[Available data]

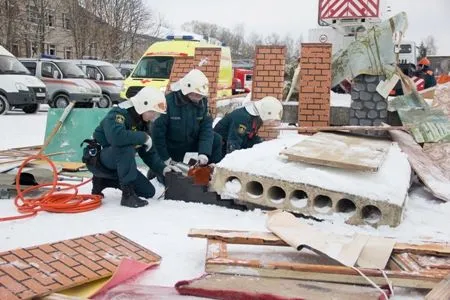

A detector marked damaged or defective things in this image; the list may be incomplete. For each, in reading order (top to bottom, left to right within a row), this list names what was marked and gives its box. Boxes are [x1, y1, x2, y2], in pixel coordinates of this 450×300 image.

broken concrete [213, 135, 410, 226]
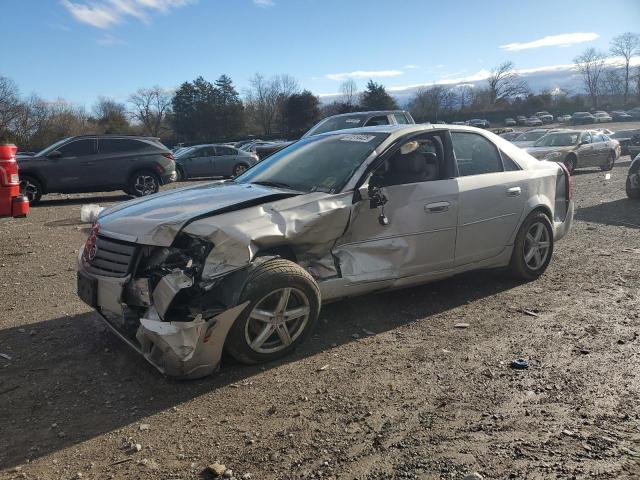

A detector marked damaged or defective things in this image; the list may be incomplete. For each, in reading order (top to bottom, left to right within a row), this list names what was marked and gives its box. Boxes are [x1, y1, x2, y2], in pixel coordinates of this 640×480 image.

cracked bumper [79, 251, 249, 378]
bent hood [95, 181, 300, 248]
shattered windshield [234, 133, 384, 193]
damaged cadillac cts [76, 124, 576, 378]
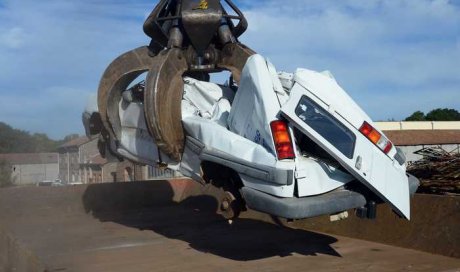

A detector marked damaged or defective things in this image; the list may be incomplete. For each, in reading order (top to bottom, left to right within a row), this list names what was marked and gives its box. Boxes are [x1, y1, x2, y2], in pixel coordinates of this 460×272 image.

crushed vehicle [82, 0, 416, 221]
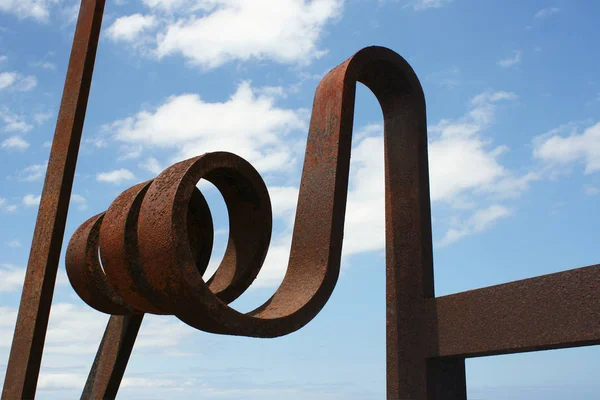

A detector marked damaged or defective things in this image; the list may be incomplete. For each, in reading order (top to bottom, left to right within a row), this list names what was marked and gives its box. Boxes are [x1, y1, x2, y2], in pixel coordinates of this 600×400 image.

[/Available data]

Look above for the line containing "this 640×480 image.", then retype it and each line after it to the end of the records, exactly and without pictures.

A detector marked damaged or defective things in this image; the list may be incomplete. For each, in reading order (top to bottom, left to right within a row), this list names what was marked and gives its box. Boxes are [x1, y1, x2, y2], in pixel coordinates of this 640×480 image.

cracked bumper [79, 251, 249, 378]
bent hood [95, 181, 300, 248]
shattered windshield [234, 133, 384, 193]
damaged cadillac cts [76, 124, 576, 378]

A detector marked damaged or defective things in this image; the list may be incomplete. For each, in reading order (top to bottom, left to right within a row), this list names what was marked and gives its box. Boxes are [x1, y1, x2, y2], in pixel coordinates of this 460×272 image.

crushed vehicle [82, 0, 416, 221]

A detector marked damaged or defective things in this image; the list may be incomplete. For each, in reading order (top to bottom, left to right within a row), this list names what was marked and gives its box. Boxes are [x1, y1, x2, y2], in pixel coordinates of this 600×400 image.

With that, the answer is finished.